I once got Bill to interview the Govenor (then KL Kool) Opps!!! I keep forgetting the G&FDirector & the Govenor are not the same  It was on all day SOB Goose hunting & he did a Fantastic job & asked all the right questions & held his feet to the fire in a respectful way k:

- Did this come up ??? All day SOB hunting at any of the recent meetings ??? (Guides & Outfitters) were really against this & I'm sure they will try to Blame the poor past couple years on this too :roll: ( the biggest reason was they might have to work a whole day) - & I don't think any do - they are the ones against this - said it would send them to SD too quickly - It did'nt - In fact the past couple years prove, we should have full opportunity to hunt them, for the short periods they are here.

His (Bill Mitzel)'s youngest Boy (I think ???) wrote a very good atricle this month. :thumb:


----------



## Dick Monson (Aug 12, 2002)

A lick on me, Craig Bihrle interviewed Gov. Hoven in the "North Dakota Outdoors" magazine, Nov. 2001 issue, page 7.

Bihrle: "Do issues related to hunting, fishing, and resource management generate a lot of citizen input to your office?"

Hoven:*"Yes. And Dean Hildebrand does a good job. We redirect most of the input to him because that's his job. I belive in empowering people to do their job, and I think he does a good job.
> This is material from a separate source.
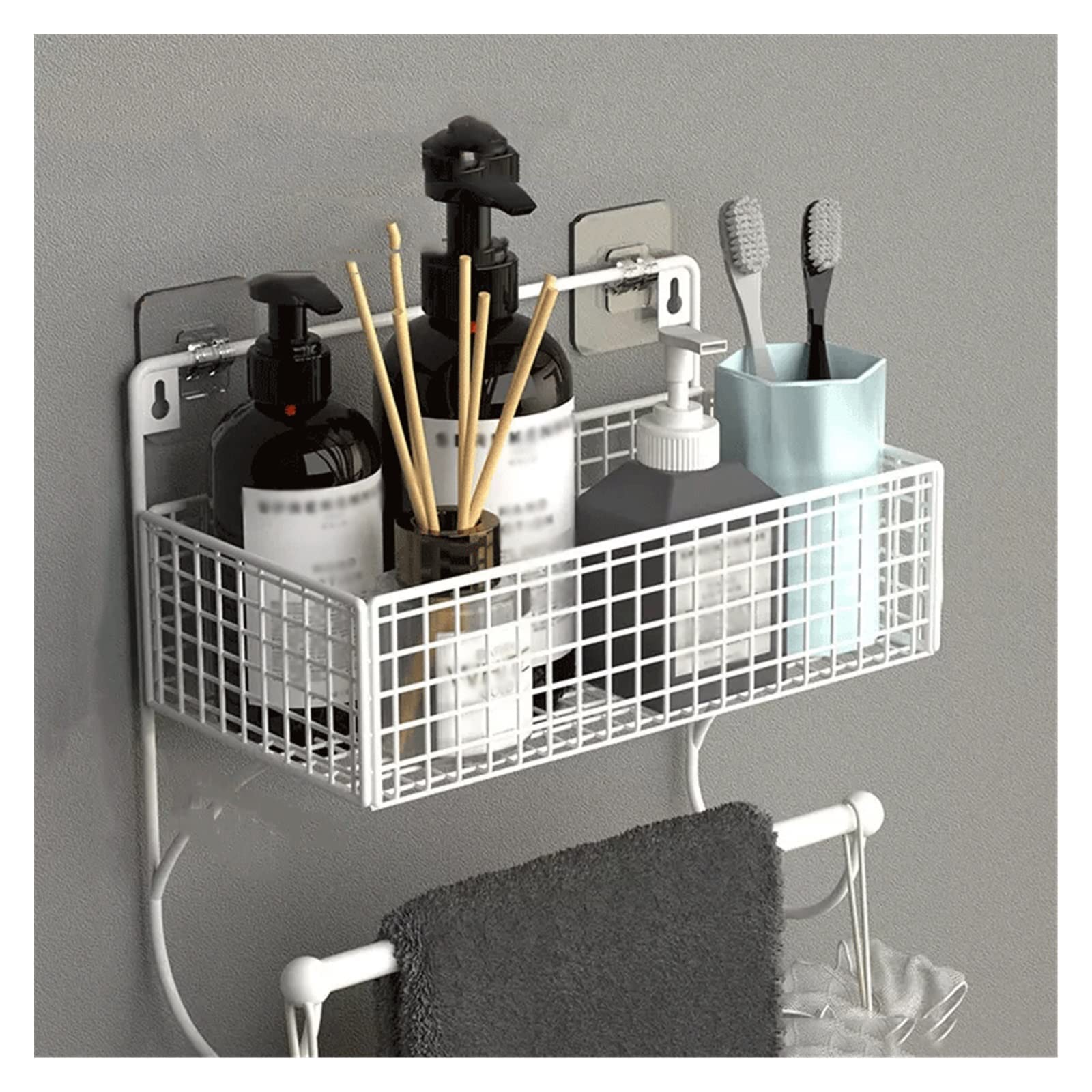 estante para ducha Estante de baño Estante de almacenamiento de inodoro Metal con toalla Montado en la pared Sin perforación Multicolor(White)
But yes, I get lot of people who come in, legilators, mayors, businessmen, hunters.....
I listen to them, but I encourage them to talk to our Game and Fish people. We have experts over there, doing an outstanding job. Those are the folks who need to hear from our citizens. And I have confidence that they will do a good job."*

This interview was done at the same time that Gov. Hoven was cooking up pheasantgate and trying to palm it off as a plan from North Dakota Game and Fish.
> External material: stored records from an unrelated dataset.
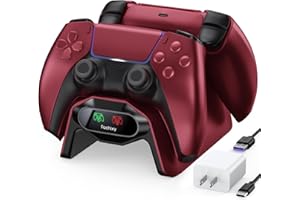 Fachixy Controller Ladestation für PS5, PS5 Ladestation 2 Std Schnelllade mit EU-Netzteil für PlayStation 5 Ladegerät, mit LED Ladestatus Kontrollleuchte, Rot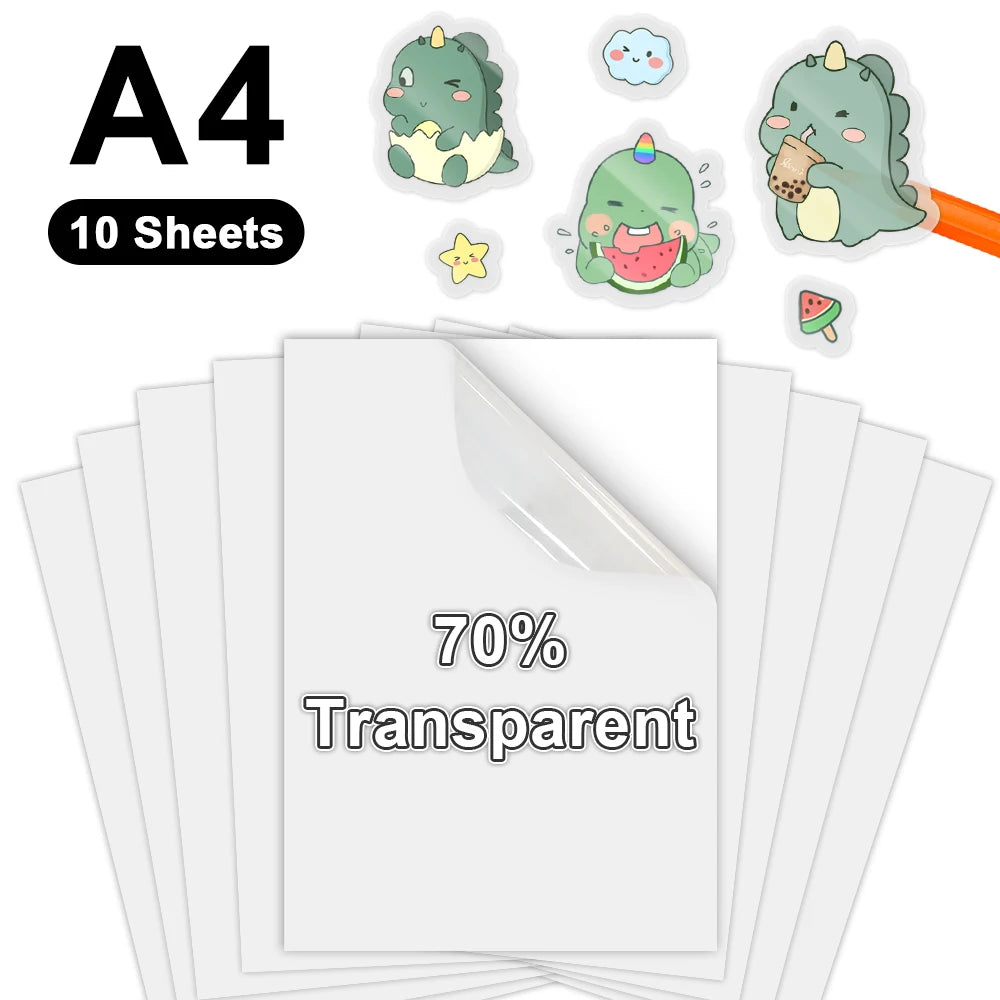 papier autocollant transparent imprimable vinyle a4 toutes imprimantes jet d'encre holographique multicolore moderne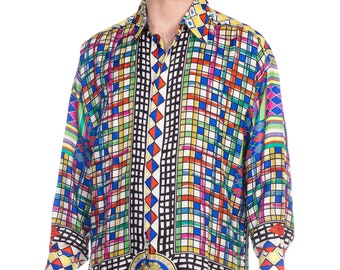 1990S GIANNI VERSACE Multicolor Geometric Silk Men's Shirt Sz 50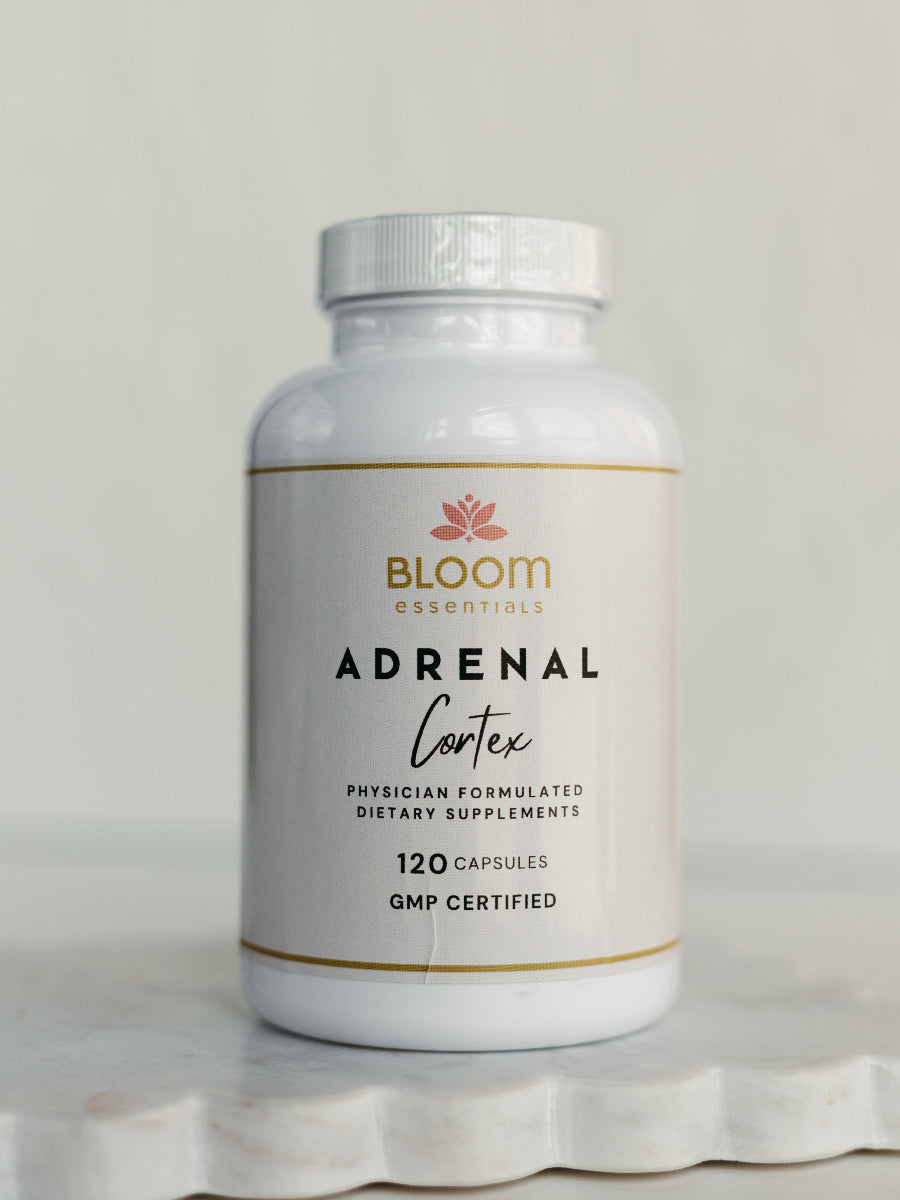 A dietary supplement bottle.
At the Jamestown, Steele, and Kindred advisory meetings Dean said the NDGF dept would champion the Hunter Pressure Concept in the next session.

Word on the street is that at the conclusion of the advisory meeting circuit, Hoven called Dean in for a "consultation". After that meeting there will be NO input from NGDF allowed as positive testimony on HPC at the committee hearings in the 2003 session.

I sincerely hope this information is wrong. The proof is going to be demonstrated at the committee hearings.


----------



## Fetch (Mar 1, 2002)

That should have been & still is the answer to all this.

I would do all I can to support him (& be so proud of him) - if there were any attempt, to do anything that would hurt him, or anyone in the Dept. It should be exposed & would result in a Backlash that would shake up Bismarck for many years to come.

Now the BIG question is - what does he really believe is right for ND & our Future ???

Or is he just going to ride this out & hope it goes away, or that the Legislature & Govenor will do the right things ??? I know he knows the answer to that.


----------



## muzzy (Mar 21, 2002)

Fetch, I think you are getting the wrong impression from Dicks post. I think it implies that the real problem is the Governor, not the Director. Dick, correct me if I am wrong.


----------



## Fetch (Mar 1, 2002)

Oh I agree & understand the Govenor is the biggest problem.

But I still stand with my observation that the Director should do exactly what this Quote is saying.

It shows exactly how all ND hunters & Legislatures & even small towns & Farmers think the same things - as the Govenor is saying. (& yeah it's too bad he does not practice what he preaches)

But without a strong message from the Director - Then it is just a Lobby struggle & will we get the best solutions in the end ???


----------